06 August 2010

"I excelled at every subject just for the purpose of excelling, not learning. And quite frankly, now I'm scared."

Valedictorian Speaks Out Against Schooling in Graduation Speech

Detective McNulty and Stringer Bell
exchange a look.
The first season of HBO's television show The Wire is absolutely brilliant in its take on systems that have been corrupted to their very core and what happens when (mostly) good people attempt to work within the confines of their rules. More importantly, it explores what happens when people attempt to work within the system as if it is fair. It's inherently not. Police work and the subsequent court battles are one such system; the Game, the name given to the system of drugs, hustling and betrayal by the individuals involved, is another such system. The thing they have in common is futility; it's a running motif throughout the first season, which I just finished watching for the first time, and I expect it to continue throughout the rest of the series.

Attempting to change the system from within, or even attempting to live above or away from it, becomes futile. Like Sisyphus and his rock, there is no variation; a person like Detective McNulty or D'Angelo Barksdale may want to prove they can effect change in their respective field, but when everyone else has succumbed to the attitude that "business as usual" is the only approach, it becomes impossible to make those differences happen.

Keep in mind that this is a television show, albeit a brilliant one, and this is just my interpretation of one of the many things the show tries to say. Maybe I, like Detective McNulty, am my own fatally optimistic worst enemy by hoping that The Wire is wrong. That's where Erica Goldson comes in. She graduated from Coxsackie-Athens High School back in June and gave the speech linked above.

As a teacher, this is quite the inspiring speech because of -- not in spite of -- its blunt honesty. More than anything, it is my greatest hope that my students figure out how to think, especially for themselves. That's something I'd love to see them demonstrate on a regular and consistent basis, and it saddens me when they clearly don't. Writing a coherent paper or knowing not to fragment sentences comes secondary to a student that can see the Game for what it is. Make no mistake, as it stands right now, education is every bit the Game that The Wire shows every other system to be. It beats original thought and new ideas out of students so that it can measure its own progress as a way to pat itself on the back. Effecting change becomes next to impossible and teachers have to resign themselves to the incremental progress they may or may not see in the students they teach for an inkling of hope.

Erica figured that out. Those caught in this particular Game oftentimes fail to see it. She stood up when an opportunity arose and made it known that she saw school for what it is and what it can be. She yearns to change the system but knows that it has to be done at the individual level. It's a student's job to question and explore. Reality is based exclusively on perspective and, as Erica says in her speech, students must "create your own perspective." In a culture that has thus far encouraged students to regurgitate the opinions of others in lieu of their own and where opinion is something that can be obtained from Sparknotes, there is an urgent need for students to take ownership of their own education.

It is our job as teachers to be the "avant-garde" educator that can get students to see the world for themselves instead of as the perception that the system would like them to have.
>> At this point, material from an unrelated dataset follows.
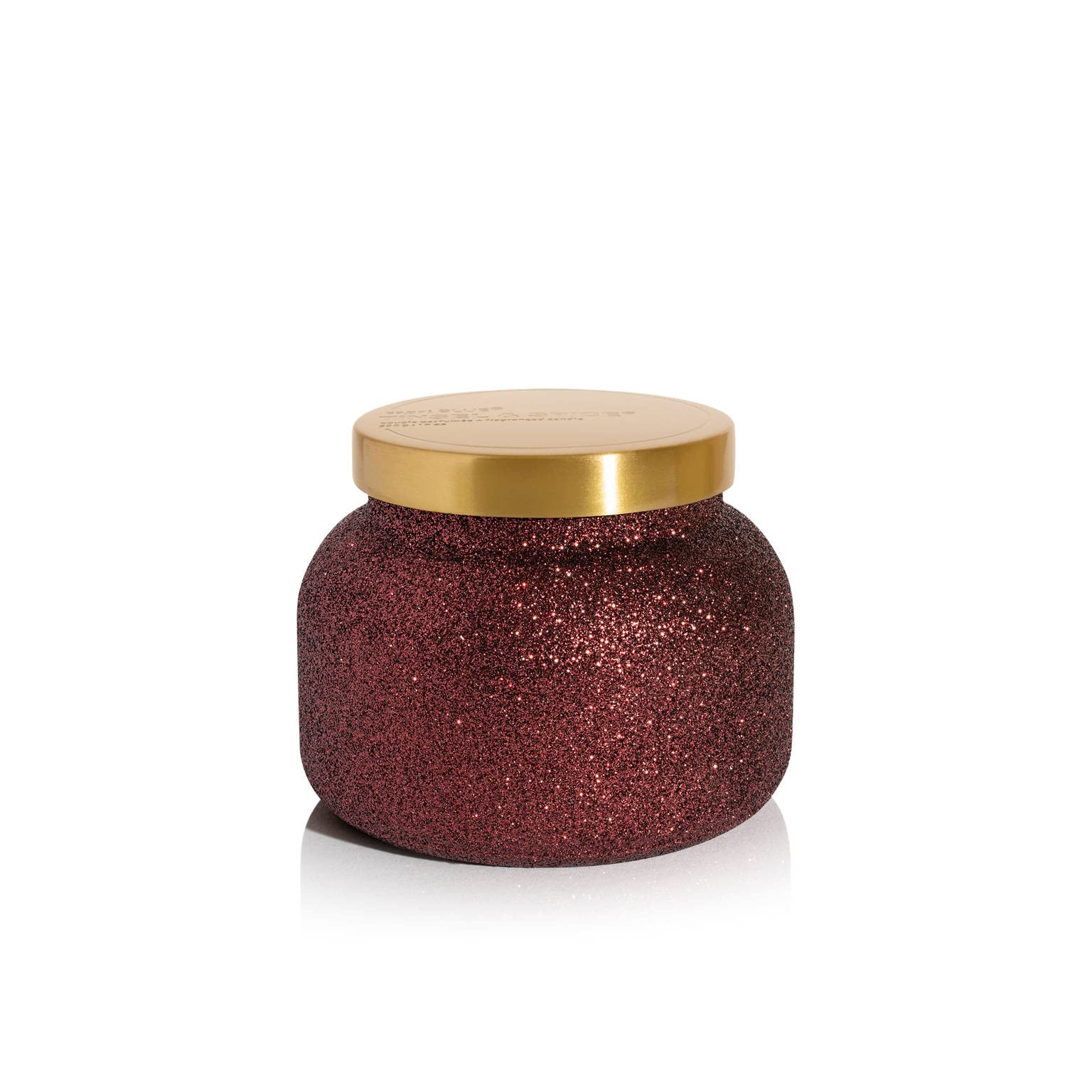 Capri Blue front jar view showing maroon glitter and festive appeal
This inevitably means going against the system, butting heads with it and making life harder. The easier road is the one where a teacher puts their head down, goes along with the latest educational fad and toes the company line; in my short time as an educator, I've found myself guilty of taking this easier road. I want to be able to keep buying DVDs of The Wire, after all. That becomes hard to do when there isn't a source of income present.

My goal is to reflect back over the course of this new school year on Erica Goldson's speech while I'm trying to incorporate learning objectives and scales into my teaching. I want to encourage students to recognize the Game around them and hopefully impart a little bit of my own experience to encourage said students to speak up and challenge me with -- and not to mention form -- their own opinions.

And if that doesn't work I will just give up. No, wait--!